3. **Dynamic scraping:** Scraping from dynamic websites (information is dynamically loaded e.g. from a database & cannot be found in the source code itself).
    - *API-interception*: intercept/mimick calls to the backend
    - *Headless Browser*: "Zombie-Browser" that fakes user interaction to retrieve dynamic elements, e.g. using Selenium

In [137]:
import pandas as pd
import requests
import json

from bs4 import BeautifulSoup
from io import StringIO
from functools import reduce

## APIs

If you are lucky, the data is provided via an API that you can access programmatically.
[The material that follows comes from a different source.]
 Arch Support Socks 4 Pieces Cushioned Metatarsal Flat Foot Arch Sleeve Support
For example, the data from [Abgeordnetenwatch](https://www.abgeordnetenwatch.de/) ("monitoring" of German MPs) is provided via an API. Usually, an API has [documentation](https://www.abgeordnetenwatch.de/api) where you can see how to retrieve the data.
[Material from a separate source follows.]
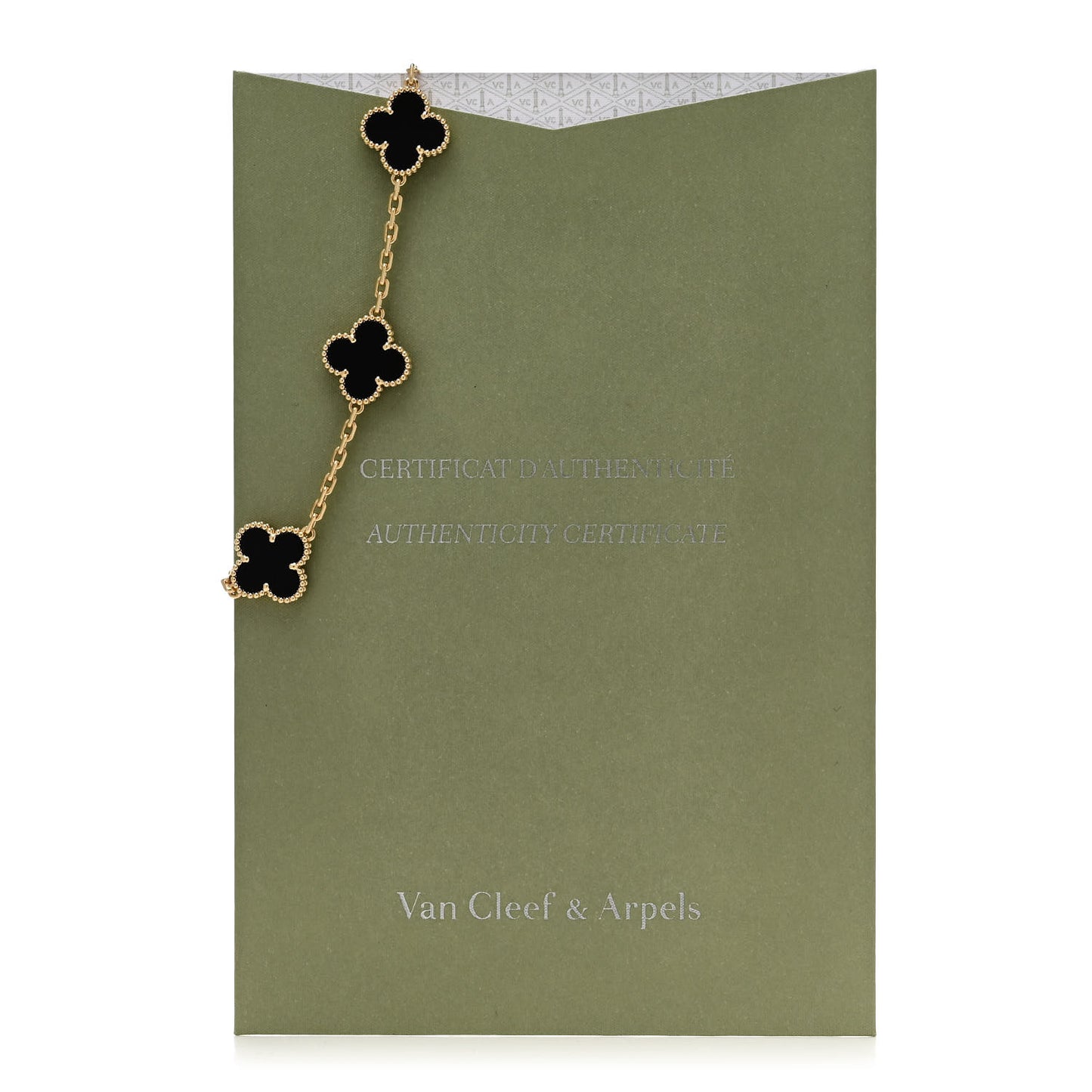 18K Yellow Gold Black Onyx 5 Motifs Vintage Alhambra Bracelet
A common format to deliver the data is **JSON** (JavaScript Object Notation), which can easily be parsed in Python as a dictionary:

In [6]:
mps = requests.get("https://www.abgeordnetenwatch.de/api/v2/politicians").json()
mps

{'meta': {'abgeordnetenwatch_api': {'version': '2.7',
   'changelog': 'https://www.abgeordnetenwatch.de/api/version-changelog/aktuell',
   'licence': 'CC0 1.0',
   'licence_link': 'https://creativecommons.org/publicdomain/zero/1.0/deed.de',
   'documentation': 'https://www.abgeordnetenwatch.de/api/entitaeten/politician'},
  'status': 'ok',
  'status_message': '',
  'result': {'count': 100,
   'total': 33640,
   'range_start': 0,
   'range_end': 100}},
 'data': [{'id': 182362,
   'entity_type': 'politician',
   'label': 'Christopher Salm',
   'api_url': 'https://www.abgeordnetenwatch.de/api/v2/politicians/182362',
   'abgeordnetenwatch_url': 'https://www.abgeordnetenwatch.de/profile/christopher-salm',
   'first_name': 'Christopher',
   'last_name': 'Salm',
   'birth_name': None,
   'sex': 'm',
   'year_of_birth': None,
   'party': {'id': 2,
    'entity_type': 'party',
    'label': 'CDU',
    'api_url': 'https://www.abgeordnetenwatch.de/api/v2/parties/2'},
   'party_past': None,
   'educ

Data delivered in JSON is usually pretty straight forward to work with & get into a `DataFrame`-format:

In [10]:
mps = pd.DataFrame(mps["data"])[["id", "first_name", "last_name", "year_of_birth", "occupation", "party"]]
mps.head()

Unnamed: 0,id,first_name,last_name,year_of_birth,occupation,party
0,182362,Christopher,Salm,,Rechtsanwalt,"{'id': 2, 'entity_type': 'party', 'label': 'CD..."
1,182361,Oliver,Skopec,1985.0,,"{'id': 229, 'entity_type': 'party', 'label': '..."
2,182360,Gunnar,Lehmann,1993.0,,"{'id': 229, 'entity_type': 'party', 'label': '..."
3,182359,Christian,Dorst,1970.0,,"{'id': 229, 'entity_type': 'party', 'label': '..."
4,182358,Simon,Reinhard,1951.0,,"{'id': 229, 'entity_type': 'party', 'label': '..."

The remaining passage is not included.